Paradójicamente, del tan misterioso susurro de Bill al oído de Scarlett, con el tiempo, aprendería que merecemos un amor en voz alta, mayúsculas y a los cuatro vientos. Es por eso que hoy también le puedo agradecer a México, específicamente a Torreón, en el norte de este país, por Elías, el hombre que me enseña con su nobleza que el amor es cuidar del corazón del otro, y que en este viaje diario lo importante no es el destino, sino llegar de la mano y juntos.
Y es así como todo poco a poco ha ido tomando su lugar y cambiando para bien con el tiempo. Ahora sé que a menudo confundía el éxito con la ausencia del fracaso y solía evitarlo a toda costa en medio del proceso. Odiaba perder y por eso me aferraba con uñas y dientes a la seguridad que en ocasiones me ofrecía la mentira de no aceptar que era momento de soltar para poder avanzar. Hoy en día veo que soltar es bueno, no importa si es el duelo por la muerte de un ser querido, un recuerdo, un cambio de trabajo, de amistad, de país, de ciudad, de casa, incluso de forma de pensar, o una enfermedad.
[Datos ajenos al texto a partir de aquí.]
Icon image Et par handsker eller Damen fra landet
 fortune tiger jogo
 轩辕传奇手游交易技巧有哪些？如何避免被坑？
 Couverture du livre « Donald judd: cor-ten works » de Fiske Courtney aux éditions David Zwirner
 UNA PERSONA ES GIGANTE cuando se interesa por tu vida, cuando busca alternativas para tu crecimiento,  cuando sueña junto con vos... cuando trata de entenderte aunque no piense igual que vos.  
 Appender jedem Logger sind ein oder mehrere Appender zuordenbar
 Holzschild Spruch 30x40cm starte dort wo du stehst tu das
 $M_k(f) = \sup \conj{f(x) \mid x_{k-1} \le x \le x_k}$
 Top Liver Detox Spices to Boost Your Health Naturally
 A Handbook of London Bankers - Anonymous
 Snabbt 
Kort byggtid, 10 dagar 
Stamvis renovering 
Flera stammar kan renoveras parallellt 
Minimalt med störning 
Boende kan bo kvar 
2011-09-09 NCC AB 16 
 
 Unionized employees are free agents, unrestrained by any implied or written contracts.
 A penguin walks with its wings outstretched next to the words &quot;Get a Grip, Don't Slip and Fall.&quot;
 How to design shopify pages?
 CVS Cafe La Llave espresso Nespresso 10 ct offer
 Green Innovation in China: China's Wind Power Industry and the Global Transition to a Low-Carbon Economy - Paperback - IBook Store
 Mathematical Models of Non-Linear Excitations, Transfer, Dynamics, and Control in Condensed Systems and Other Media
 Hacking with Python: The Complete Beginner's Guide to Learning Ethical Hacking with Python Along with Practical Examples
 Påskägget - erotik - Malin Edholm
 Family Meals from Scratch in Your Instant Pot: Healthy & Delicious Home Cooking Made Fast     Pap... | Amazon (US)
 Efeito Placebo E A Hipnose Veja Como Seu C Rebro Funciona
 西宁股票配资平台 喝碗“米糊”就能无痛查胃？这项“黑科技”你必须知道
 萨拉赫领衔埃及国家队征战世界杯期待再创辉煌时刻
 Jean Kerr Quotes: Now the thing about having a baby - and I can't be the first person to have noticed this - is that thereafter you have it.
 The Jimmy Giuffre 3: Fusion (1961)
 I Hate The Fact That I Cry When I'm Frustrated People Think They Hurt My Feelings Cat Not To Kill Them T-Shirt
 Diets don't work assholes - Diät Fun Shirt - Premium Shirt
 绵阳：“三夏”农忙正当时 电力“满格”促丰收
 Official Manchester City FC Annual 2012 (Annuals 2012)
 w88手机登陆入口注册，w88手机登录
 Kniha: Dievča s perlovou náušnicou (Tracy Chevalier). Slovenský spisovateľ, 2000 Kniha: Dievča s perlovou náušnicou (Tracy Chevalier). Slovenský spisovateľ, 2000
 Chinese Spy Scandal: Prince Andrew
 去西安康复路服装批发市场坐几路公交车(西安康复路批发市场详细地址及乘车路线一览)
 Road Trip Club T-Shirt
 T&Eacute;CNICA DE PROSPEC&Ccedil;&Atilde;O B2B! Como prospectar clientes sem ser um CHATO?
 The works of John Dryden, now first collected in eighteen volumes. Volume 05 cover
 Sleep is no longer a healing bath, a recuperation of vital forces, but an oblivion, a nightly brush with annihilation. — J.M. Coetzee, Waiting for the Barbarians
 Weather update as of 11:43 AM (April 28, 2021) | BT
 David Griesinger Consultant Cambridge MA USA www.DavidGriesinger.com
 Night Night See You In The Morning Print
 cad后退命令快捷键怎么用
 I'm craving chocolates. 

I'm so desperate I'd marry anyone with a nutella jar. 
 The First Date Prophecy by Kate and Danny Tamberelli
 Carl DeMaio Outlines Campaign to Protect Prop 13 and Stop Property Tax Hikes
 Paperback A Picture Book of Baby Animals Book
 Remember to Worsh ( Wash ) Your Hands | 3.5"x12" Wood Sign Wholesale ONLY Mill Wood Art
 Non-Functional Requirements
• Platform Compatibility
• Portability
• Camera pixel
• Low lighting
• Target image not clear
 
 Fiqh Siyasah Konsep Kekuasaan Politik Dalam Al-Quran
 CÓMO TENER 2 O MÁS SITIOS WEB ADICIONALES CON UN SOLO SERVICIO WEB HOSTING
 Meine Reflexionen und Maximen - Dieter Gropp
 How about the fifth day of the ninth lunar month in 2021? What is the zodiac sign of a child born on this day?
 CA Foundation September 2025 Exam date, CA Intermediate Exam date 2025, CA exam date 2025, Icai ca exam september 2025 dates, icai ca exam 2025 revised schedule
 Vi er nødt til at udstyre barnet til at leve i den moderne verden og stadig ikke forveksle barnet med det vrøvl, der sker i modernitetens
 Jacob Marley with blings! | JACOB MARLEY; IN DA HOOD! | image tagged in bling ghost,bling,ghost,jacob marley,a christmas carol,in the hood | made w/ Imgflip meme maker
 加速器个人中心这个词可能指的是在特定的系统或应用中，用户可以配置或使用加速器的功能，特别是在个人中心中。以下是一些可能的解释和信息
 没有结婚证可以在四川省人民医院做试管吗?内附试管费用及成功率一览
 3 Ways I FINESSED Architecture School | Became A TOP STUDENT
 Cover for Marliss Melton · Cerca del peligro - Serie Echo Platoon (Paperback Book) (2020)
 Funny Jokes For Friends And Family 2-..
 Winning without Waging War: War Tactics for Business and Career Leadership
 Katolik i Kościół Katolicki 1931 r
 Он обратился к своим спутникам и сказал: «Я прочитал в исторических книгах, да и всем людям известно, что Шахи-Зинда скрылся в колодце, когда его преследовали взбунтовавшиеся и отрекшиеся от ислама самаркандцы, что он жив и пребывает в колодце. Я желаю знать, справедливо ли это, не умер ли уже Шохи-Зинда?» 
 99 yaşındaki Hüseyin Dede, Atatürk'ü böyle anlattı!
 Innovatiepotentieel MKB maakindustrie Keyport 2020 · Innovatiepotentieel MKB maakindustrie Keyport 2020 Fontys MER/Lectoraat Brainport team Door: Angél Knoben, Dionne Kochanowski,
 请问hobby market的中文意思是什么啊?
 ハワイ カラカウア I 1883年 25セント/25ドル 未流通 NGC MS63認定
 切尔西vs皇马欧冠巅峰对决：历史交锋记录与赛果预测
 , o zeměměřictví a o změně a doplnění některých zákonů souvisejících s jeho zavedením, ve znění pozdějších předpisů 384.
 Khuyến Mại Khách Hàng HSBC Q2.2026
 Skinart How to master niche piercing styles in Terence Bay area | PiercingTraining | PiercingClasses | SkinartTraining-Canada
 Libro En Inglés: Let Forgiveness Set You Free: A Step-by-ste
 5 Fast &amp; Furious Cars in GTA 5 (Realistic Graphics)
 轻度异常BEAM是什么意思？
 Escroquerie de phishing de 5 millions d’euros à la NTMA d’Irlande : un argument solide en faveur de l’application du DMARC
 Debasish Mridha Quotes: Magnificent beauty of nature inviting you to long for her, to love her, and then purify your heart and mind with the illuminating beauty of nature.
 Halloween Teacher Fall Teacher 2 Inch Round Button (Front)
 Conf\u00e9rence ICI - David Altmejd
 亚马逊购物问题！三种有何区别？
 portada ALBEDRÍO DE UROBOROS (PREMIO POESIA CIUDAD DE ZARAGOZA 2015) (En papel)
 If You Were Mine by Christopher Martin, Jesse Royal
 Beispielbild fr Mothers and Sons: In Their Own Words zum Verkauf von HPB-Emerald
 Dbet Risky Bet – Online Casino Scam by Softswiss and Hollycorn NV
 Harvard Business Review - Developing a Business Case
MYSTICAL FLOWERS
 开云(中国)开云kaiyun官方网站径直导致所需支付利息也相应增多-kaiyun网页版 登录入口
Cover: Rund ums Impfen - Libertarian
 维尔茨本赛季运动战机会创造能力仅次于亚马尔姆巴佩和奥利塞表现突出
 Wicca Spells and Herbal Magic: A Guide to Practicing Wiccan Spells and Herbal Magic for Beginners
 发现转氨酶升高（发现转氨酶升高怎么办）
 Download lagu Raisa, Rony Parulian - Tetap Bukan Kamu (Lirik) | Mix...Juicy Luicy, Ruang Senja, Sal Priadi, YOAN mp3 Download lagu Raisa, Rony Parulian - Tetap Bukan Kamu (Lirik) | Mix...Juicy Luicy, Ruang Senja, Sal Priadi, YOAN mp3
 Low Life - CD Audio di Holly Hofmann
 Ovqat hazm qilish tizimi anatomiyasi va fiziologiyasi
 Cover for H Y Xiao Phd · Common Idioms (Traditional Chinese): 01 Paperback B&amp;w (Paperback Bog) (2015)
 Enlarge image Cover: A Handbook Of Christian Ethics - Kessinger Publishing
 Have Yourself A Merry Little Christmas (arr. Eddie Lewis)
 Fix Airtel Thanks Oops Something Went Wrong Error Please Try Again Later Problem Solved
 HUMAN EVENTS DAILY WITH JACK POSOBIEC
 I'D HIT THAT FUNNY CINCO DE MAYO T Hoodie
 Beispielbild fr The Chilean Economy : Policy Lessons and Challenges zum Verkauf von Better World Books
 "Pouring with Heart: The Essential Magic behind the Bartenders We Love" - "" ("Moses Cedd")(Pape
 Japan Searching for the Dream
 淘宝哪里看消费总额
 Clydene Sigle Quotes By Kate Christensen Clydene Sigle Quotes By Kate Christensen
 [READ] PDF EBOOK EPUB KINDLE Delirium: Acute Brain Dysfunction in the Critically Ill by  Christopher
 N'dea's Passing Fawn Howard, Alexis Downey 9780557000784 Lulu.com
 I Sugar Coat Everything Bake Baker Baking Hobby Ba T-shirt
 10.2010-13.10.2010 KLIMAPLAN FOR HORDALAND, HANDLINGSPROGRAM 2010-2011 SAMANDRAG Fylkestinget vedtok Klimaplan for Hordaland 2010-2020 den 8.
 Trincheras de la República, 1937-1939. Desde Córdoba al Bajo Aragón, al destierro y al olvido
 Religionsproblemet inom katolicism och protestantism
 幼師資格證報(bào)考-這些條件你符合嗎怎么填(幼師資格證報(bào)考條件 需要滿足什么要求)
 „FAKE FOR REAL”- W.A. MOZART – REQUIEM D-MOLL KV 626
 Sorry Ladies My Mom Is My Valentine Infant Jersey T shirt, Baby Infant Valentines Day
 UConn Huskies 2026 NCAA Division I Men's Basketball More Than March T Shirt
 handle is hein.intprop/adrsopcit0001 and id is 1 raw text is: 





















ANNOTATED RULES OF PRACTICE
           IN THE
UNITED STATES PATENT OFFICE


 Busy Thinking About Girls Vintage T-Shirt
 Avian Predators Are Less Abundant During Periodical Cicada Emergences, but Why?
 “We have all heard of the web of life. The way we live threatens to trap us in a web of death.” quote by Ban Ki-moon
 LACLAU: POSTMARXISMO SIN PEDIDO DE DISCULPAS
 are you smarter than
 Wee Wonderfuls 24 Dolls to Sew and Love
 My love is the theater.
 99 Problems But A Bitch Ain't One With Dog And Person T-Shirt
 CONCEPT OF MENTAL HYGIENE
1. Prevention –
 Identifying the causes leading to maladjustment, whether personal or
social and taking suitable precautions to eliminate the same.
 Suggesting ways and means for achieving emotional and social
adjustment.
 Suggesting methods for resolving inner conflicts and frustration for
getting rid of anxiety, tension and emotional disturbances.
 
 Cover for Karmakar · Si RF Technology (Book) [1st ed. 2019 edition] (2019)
Cuando te rindes y dejas de luchar no queda de otra que desafiar tus capacidades y limitaciones con inteligencia, incluso con miedo a errar, solo procurando que tu deseo por alcanzar el éxito supere con creces ese temor a fracasar. Es ahí cuando se produce la magia, porque renace la confianza en ti y con ella el amor, una nueva esperanza y la ilusión, y no hay nada más poderoso que creer, amar y agradecer. Desde mi experiencia puedo decir que sin desafíos, no hay historias. Y sin historias, no hay pruebas de que fuimos valientes, sin importar lo fugaces. Así que como diría Cervantes: “Confía en el tiempo, que suele dar dulces salidas, a muchas amargas dificultades”.